Let us continue to tell the tale. On December 7, 2023, Refaat Alareer was killed in his sister’s home—along with his brother, his sister, and her four children—in Gaza by an Israeli airstrike. Refaat Alareer was a father; a beloved professor at the Islamic University in Gaza (destroyed last month by Israeli airstrikes) who taught poetry, Shakespeare, and creative writing; a mentor; the editor of the story collection Gaza Writes Back and coeditor of the essay collection Gaza Unsilenced; a poet and writer; and the founder of the organization We Are Not Numbers.
He was also a highly valued contributor to “Life in Occupied Palestine,” a 2014 special issue of Biography: An Interdisciplinary Quarterly.
As the editors worked with Refaat and other contributors in the summer of 2014 to finalize that special issue, Israeli forces killed Refaat’s brother Mohammed Alareer during Israel’s fifty-one-day siege on Gaza. That special issue was dedicated to Mohammed:
“In memory of Mohammed Alareer, and every Palestinian whose life was cut short in the summer of 2014, and in the decades before, struggling against Israeli colonization.”

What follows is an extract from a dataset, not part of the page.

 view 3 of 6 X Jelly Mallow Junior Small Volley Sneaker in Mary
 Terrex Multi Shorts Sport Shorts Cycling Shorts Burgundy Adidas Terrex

“A house of four floors but thousands of stories is no more. The stories, however, will live to bear witness to the most brutally wild occupation the world has ever known.” —Refaat R. Alareer
Almost ten years later, during Israel’s bombardment of Gaza, Refaat pinned to his X account the very poem that concludes his contribution to that special issue of Biography—and that has now been shared around the world:
If I must die
If I must die, you have to live
To tell my story, to sell my things
To buy a piece of cloth and some strings,
(Make it white with a long tail)
So that a child, somewhere in Gaza
While looking heaven in the eye,
Making it blush under his gaze,
Awaiting his Dad who left in a blaze—
And bid no one farewell
Not even to his flesh, not even to himself—
Sees the kite, my kite you made, flying up above
And thinks for a moment an angel is there
Bringing back love.
If I must die, let it bring hope.
Let it be a tale.
Refaat Alareer’s essay for Biography, along with the entire special issue, is freely available on Project Muse: https://muse.jhu.edu/issue/31638.
We mourn his passing, and honor his vision for hope and liberation.